VA: It's about pricing risk correctly, not excluding people. We use all available data—not just health history, but behavioral patterns, engagement with preventive care, exercise habits.

But here's what's interesting: the healthy people who exercise stay with us longer because competitors don't offer the same benefits. So we're not cherry-picking—we're creating an environment that attracts and retains people who care about their health.

THE PARTNER MATTERS MORE THAN THE FUND

OM: You've raised substantial rounds from top-tier VCs, but you've said the partner on your board matters more than the fund brand. Why?

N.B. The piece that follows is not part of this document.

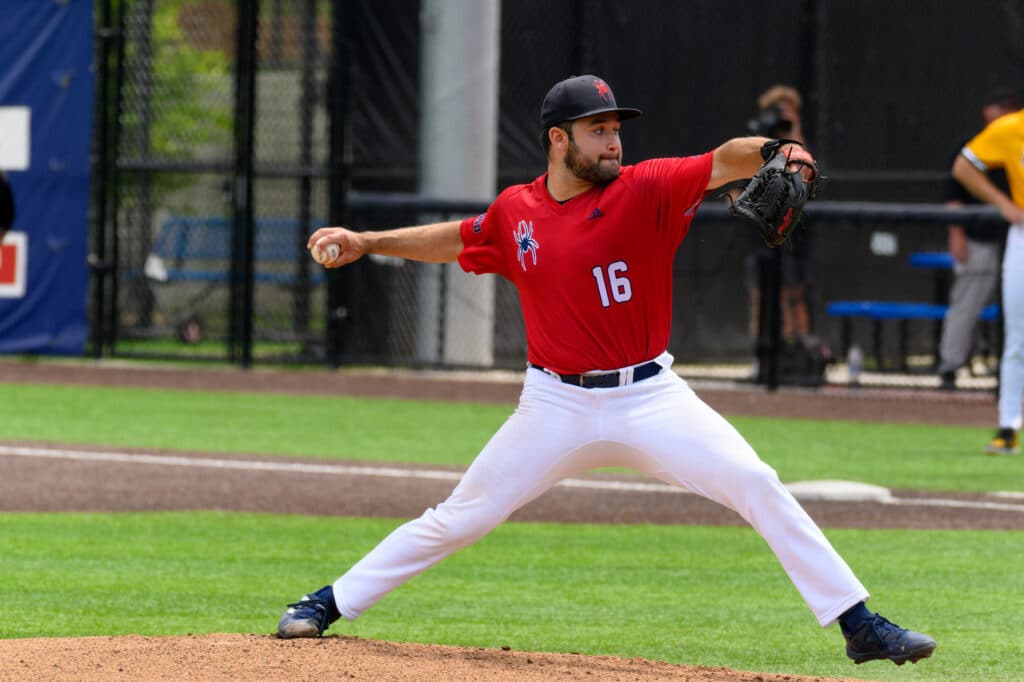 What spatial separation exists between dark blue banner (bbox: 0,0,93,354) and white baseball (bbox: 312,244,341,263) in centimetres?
1148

VA: Because 90% of your fund experience comes from the one person sitting on your board. Funds are small teams—5 to 25 people. You interact with one partner most of the time.

I've seen entrepreneurs have completely different experiences with the same fund based on which partner they work with. The partner's personal motivation matters: Do they have family in healthcare? Did they work in the industry before becoming a VC? Are you just another portfolio company, or do they have real conviction?

Brand helps with future fundraising, but day-to-day, it's about the individual relationship.

TRANSFORMING HEALTHCARE FROM "NECESSARY EVIL" TO LOVE

OM: Looking ahead, what gets you most excited about where healthcare is heading in Brazil?

VA: We're proving things that were just theory before. People who exercise cost less to insure. AI can predict and prevent fraud. You can deliver higher quality care at lower cost if you align incentives correctly.

But the bigger opportunity is cultural. We're transforming how Brazilians think about health insurance—from a "necessary evil" to something they actually love. One customer told me he wants to "tattoo Sami" because our nurse caught his COVID before he realized he was sick and probably saved his life.

When you participate in the most important moments of someone's life—birth, illness, death—and you do it well, you create relationships that transcend transactions.

WHAT LATAM FOUNDERS GET RIGHT ABOUT HEALTHCARE

→ Start with distribution, not product. The best healthcare solution means nothing if you can't sell it. Master the go-to-market before you perfect the algorithm.

→ Data creates defensibility. Real-world usage data—exercise habits, medical expenses, behavioral patterns—beats survey responses every time. Build systems that capture ground truth.

→ Regional can beat national. Controlling cost and quality is easier with concentrated networks. Going too wide too fast kills margins.

→ AI works best in operational workflows. Don't chase AI-native business models. Use AI to automate underwriting, fraud detection, and administrative tasks that directly impact unit economics.